To observe its performance, follow these steps:

Go to https://app.agno.com/settings and get an API Key.
Open a terminal and sort ag setup.
Whether it is the primary time, it’d ask for the API Key. Copy and Paste it within the terminal prompt.
You will note the Dashboard tab open in your browser.
If you would like to monitor your agent, add the argument monitoring=True.
Run your agent.
Go to the Dashboard on the net browser.
Click on Sessions. Because it is a single agent, you will note it under the tab Agents on the highest portion of the page.

Agno Dashboard after running the agent.

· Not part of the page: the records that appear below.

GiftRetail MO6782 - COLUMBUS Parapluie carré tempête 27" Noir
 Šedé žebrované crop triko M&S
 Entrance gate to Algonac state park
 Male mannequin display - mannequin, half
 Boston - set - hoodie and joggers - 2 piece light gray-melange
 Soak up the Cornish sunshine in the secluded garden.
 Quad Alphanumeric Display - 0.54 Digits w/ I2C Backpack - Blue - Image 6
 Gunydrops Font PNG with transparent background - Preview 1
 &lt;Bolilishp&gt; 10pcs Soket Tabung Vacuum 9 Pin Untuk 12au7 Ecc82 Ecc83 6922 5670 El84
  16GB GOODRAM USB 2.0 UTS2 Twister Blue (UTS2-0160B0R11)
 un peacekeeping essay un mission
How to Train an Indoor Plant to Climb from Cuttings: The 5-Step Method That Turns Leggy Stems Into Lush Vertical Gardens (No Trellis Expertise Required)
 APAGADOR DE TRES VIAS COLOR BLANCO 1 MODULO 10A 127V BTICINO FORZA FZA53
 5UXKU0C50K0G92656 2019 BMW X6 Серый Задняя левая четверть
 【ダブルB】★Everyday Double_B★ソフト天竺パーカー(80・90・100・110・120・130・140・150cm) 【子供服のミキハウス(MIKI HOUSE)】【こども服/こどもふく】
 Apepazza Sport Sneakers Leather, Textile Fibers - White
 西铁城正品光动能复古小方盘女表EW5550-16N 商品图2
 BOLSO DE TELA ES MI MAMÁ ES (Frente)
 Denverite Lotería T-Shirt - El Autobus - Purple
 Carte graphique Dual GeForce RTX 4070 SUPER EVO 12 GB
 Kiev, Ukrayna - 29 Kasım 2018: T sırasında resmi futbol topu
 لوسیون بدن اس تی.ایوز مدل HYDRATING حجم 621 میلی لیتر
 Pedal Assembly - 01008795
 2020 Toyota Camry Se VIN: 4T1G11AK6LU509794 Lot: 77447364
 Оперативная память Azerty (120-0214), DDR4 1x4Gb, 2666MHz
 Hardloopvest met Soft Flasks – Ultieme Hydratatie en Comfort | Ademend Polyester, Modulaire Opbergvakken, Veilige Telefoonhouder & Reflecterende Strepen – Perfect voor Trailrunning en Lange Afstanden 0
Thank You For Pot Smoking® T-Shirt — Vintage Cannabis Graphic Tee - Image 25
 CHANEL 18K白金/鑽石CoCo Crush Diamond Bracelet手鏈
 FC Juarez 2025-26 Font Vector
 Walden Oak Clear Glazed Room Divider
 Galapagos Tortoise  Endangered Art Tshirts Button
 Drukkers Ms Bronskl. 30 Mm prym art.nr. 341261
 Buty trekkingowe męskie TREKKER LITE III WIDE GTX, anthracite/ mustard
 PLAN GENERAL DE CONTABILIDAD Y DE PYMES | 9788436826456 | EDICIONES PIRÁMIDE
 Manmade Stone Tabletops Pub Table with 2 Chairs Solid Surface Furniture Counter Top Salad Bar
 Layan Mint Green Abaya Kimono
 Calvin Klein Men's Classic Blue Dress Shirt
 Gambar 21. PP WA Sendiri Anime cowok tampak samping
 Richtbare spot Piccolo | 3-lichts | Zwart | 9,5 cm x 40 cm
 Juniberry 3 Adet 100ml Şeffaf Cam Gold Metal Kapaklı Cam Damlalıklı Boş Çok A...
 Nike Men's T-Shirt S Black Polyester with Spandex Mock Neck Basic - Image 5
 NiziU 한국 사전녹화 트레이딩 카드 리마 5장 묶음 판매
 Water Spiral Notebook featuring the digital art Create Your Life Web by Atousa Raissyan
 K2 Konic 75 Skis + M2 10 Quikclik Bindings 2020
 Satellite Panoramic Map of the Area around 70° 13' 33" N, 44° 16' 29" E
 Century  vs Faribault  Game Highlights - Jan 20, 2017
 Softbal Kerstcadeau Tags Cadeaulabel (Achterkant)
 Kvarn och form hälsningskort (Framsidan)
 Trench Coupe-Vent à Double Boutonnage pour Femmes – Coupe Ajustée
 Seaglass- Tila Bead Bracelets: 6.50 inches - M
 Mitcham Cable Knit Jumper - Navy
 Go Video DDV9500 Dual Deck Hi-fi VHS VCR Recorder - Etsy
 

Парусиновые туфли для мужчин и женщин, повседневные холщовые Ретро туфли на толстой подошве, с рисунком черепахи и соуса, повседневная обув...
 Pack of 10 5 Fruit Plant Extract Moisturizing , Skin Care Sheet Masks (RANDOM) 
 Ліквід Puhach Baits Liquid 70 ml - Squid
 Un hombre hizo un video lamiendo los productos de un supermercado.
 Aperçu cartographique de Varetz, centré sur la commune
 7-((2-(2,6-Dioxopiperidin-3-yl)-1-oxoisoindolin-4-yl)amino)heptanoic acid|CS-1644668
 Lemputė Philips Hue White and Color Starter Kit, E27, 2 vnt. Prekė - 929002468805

Image by the writer.

The cools features we will see there are:

Info concerning the model
The response
Tools used
Tokens consumed

That is the resulting token consumption while saving the file. Image by the writer.

Pretty neat, huh?

This is helpful for us to know where the agent is spending roughly tokens, and where it’s taking more time to perform a task, for instance.

Well, let’s wrap up then.

Before You Go

We have now learned so much on this second round. On this post, we covered:

Guardrails for AI are essential safety measures and ethical guidelines implemented to stop unintended harmful outputs and ensure responsible AI behavior.
Model evaluation, exemplified by GEval for broad assessment and TaskCompletion with DeepEval for agents output quality, is crucial for understanding AI capabilities and limitations.
Model monitoring with Agno’s app, including tracking token usage and response time, which is important for managing costs, ensuring performance, and identifying potential issues in deployed AI systems.